Idosa de 81 anos desaparece após sair para igreja e é encontrada em área de mata

Momentos de apreensão e solidariedade marcaram o município de Cabo Verde, no Sul de Minas Gerais, após o desaparecimento de Francisca Diniz da Silva, de 81 anos, conhecida carinhosamente por todos como Tia Ana. A idosa saiu de casa na tarde de domingo, dia 18 de janeiro, por volta das 17h, informando aos familiares que seguiria para a igreja, como costumava fazer. No entanto, o retorno não aconteceu, dando início a uma longa e angustiante espera.

Com o passar das horas sem qualquer contato ou informação, a preocupação tomou conta da família, que rapidamente acionou vizinhos e amigos. Imagens de câmeras de segurança ajudaram a confirmar que Tia Ana foi vista caminhando sozinha pelas ruas da cidade, aparentemente tranquila, o que aumentou a esperança de que estivesse bem, mas também levantou dúvidas sobre o rumo que havia tomado.

À medida que a noite avançava, o desaparecimento passou a mobilizar um número cada vez maior de pessoas. Familiares, moradores da região e conhecidos se organizaram em grupos e iniciaram buscas pelas proximidades da residência, ruas vizinhas, áreas abertas e caminhos frequentemente utilizados pela idosa. A cidade se uniu em um esforço coletivo, movido pela preocupação e pelo carinho que Tia Ana sempre despertou na comunidade.

O trabalho ganhou reforço importante com a chegada do Corpo de Bombeiros, que passou a coordenar as buscas de forma estratégica, orientando os voluntários e direcionando os esforços para áreas mais amplas, incluindo regiões rurais e trechos de mata próximos ao perímetro urbano. A experiência das equipes foi essencial para organizar a operação e manter o foco durante a madrugada.

Entre os voluntários, destacou-se a atuação de José Claro Júnior, morador da região e profundo conhecedor das áreas de vegetação ao redor da cidade. Atento aos detalhes do terreno, ele conseguiu identificar possíveis rastros deixados pela idosa, além de encontrar os calçados que teriam sido abandonados durante o trajeto. A descoberta foi decisiva para redirecionar as buscas e reforçar a suspeita de que Tia Ana havia adentrado a mata.

Após quase 18 horas de procura intensa, o desfecho trouxe alívio e emoção. Por volta das 14h desta segunda-feira, dia 19 de janeiro, depois de cerca de uma hora e meia de varredura em meio à vegetação, José Claro Júnior conseguiu localizar a idosa. Ela estava consciente, calma e sem sinais aparentes de ferimentos.

Segundo o voluntário, ao ser encontrada, Tia Ana demonstrou serenidade e surpreendeu a todos ao relatar que havia passado a noite no local de forma tranquila. De acordo com ele, a idosa afirmou ter se sentido bem no ambiente natural, revelando uma afinidade inesperada com a mata, apesar da idade avançada. O resgate ocorreu após ele chamá-la repetidas vezes, até que conseguiu ouvir sua resposta.

Imediatamente após ser encontrada, Tia Ana foi encaminhada ao hospital do município para avaliação médica. A equipe de saúde realizou exames de rotina e confirmou que seu estado era estável. Não foram identificadas lesões graves, nem complicações decorrentes do tempo que passou ao ar livre, o que chamou a atenção dos profissionais e tranquilizou a família.

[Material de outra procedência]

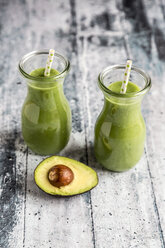 Avocado-Smoothie, grüner Smoothie mit Gurke, Apfel, Knollensellerie - SARF03513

O caso, que começou com horas de incerteza, terminou com um reencontro marcado por alívio, gratidão e emoção. Familiares agradeceram o empenho de todos os envolvidos, especialmente dos voluntários e das equipes de resgate, destacando a importância da união da comunidade em momentos delicados como esse.

Além do desfecho positivo, o episódio serve como alerta para a necessidade de atenção redobrada com idosos, especialmente em deslocamentos sozinhos, e reforça o valor da mobilização rápida e solidária em situações de desaparecimento.